Personal information
- Born: 1 January 1992 (age 34) Manavgat, Antalya, Turkey
- Height: 1.70 m (5 ft 7 in)
- Weight: 63 kg (139 lb)

Sport
- Country: Turkey
- Sport: Wrestling
- Event: Women's freestyle
- Club: Edirne Trakya Birlik SK
- Coached by: Habil Kara

Medal record
Representing Turkey
Women's freestyle wrestling
European Championships
| Silver medal – second place | 2014 Vantaa | 60 kg |
| Bronze medal – third place | 2013 Tbilisi | 59 kg |
Islamic Solidarity Games
| Silver medal – second place | 2017 Baku | 63 kg |
Mediterranean Games
| Gold medal – first place | 2013 Mersin | 59 kg |
World University Championships
| Bronze medal – third place | 2010 Turin | 55 kg |
| Bronze medal – third place | 2012 Kuortane | 59 kg |
Yasar Dogu Tournament
| Gold medal – first place | 2012 Ankara | 59 kg |
| Gold medal – first place | 2016 Istanbul | 63 kg |
| Gold medal – first place | 2017 Istanbul | 63 kg |
European U23 Championships
| Bronze medal – third place | 2015 Wałbrzych | 60 kg |
World Junior Championships
| Silver medal – second place | 2012 Pattaya | 59 kg |
European Juniors Championships
| Silver medal – second place | 2010 Samokov | 55 kg |
| Silver medal – second place | 2012 Zagreb | 59 kg |

= Hafize Şahin =

Turkish freestyle wrestler

Hafize Şahin (born 1 January 1992) is a Turkish freestyle wrestler. She won the gold medal in the women's 59 kg event at the 2013 Mediterranean Games, the silver medal in the women's 60 kg event at the 2014 European Wrestling Championships, and the bronze medal in the women's 59 kg event at the 2013 European Wrestling Championships.

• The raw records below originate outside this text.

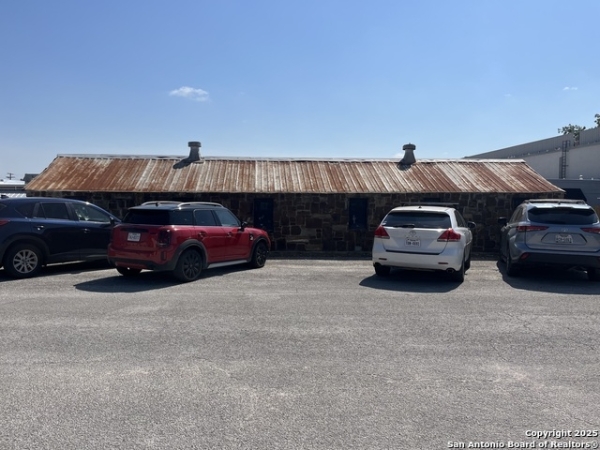 Listing Image #2 - Others for sale at 130-140 S Main, Boerne TX 78006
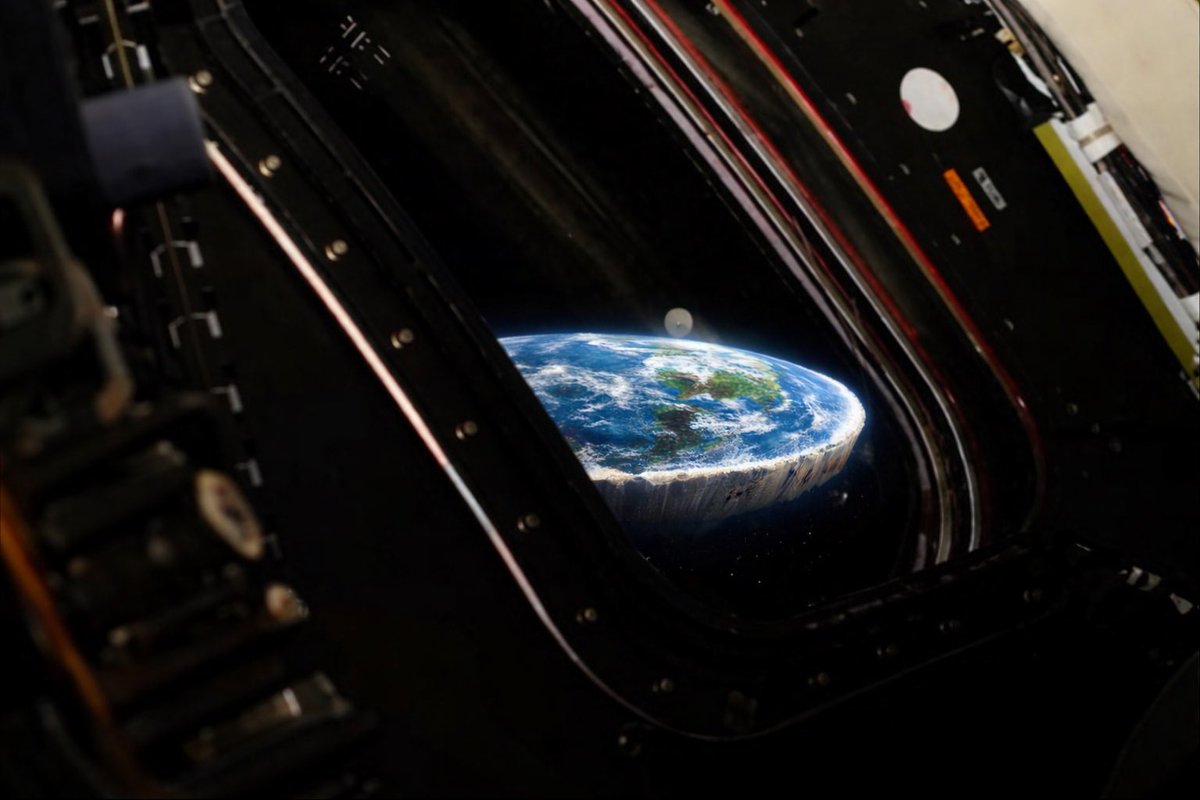 thunderdan222's tweet photo. The actual photo from Artemis that nasa don’t want you to see. https://t.co/nKTqY2gvz5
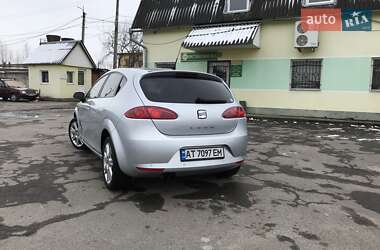 Хэтчбек SEAT Leon 2009 в 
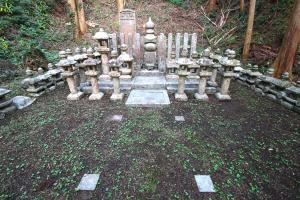 3代藩主の墓所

She represented Turkey at the 2016 Summer Olympics in Rio de Janeiro and finished seventh in the women's freestyle 63 kg event.

== Career ==
Şahin was born in Manavgat, Antalya, and began wrestling in 2004 in Antalya. She later joined Trakya Birlik SK in Edirne, where she worked with coach Habil Kara.

At junior level, she won silver medals at the 2010 European Juniors Wrestling Championships in Samokov and the 2012 European Juniors Wrestling Championships in Zagreb, and took the silver medal at the 2012 World Junior Wrestling Championships in Pattaya. She also won bronze medals at the 2010 World University Wrestling Championships in Turin and the 2012 World University Wrestling Championships in Kuortane.

Her senior breakthrough came in 2013. She won the bronze medal at the 2013 European Wrestling Championships in Tbilisi and later won the gold medal in the women's 59 kg division at the 2013 Mediterranean Games in Mersin.

In 2014, Şahin won the silver medal at the 2014 European Wrestling Championships in Vantaa. She became the first Turkish woman to reach a European Championship final in wrestling and the first to win a silver medal at the tournament.

Şahin competed for Turkey at the 2015 European Games and at the 2016 Summer Olympics. She qualified for Rio by winning the 2016 World Wrestling Olympic Qualification Tournament 1 and finished seventh in the Olympic women's freestyle 63 kg event.

In 2017, she won the silver medal in the women's 63 kg event at the 2017 Islamic Solidarity Games in Baku and placed fifth at the 2017 World Wrestling Championships in Paris.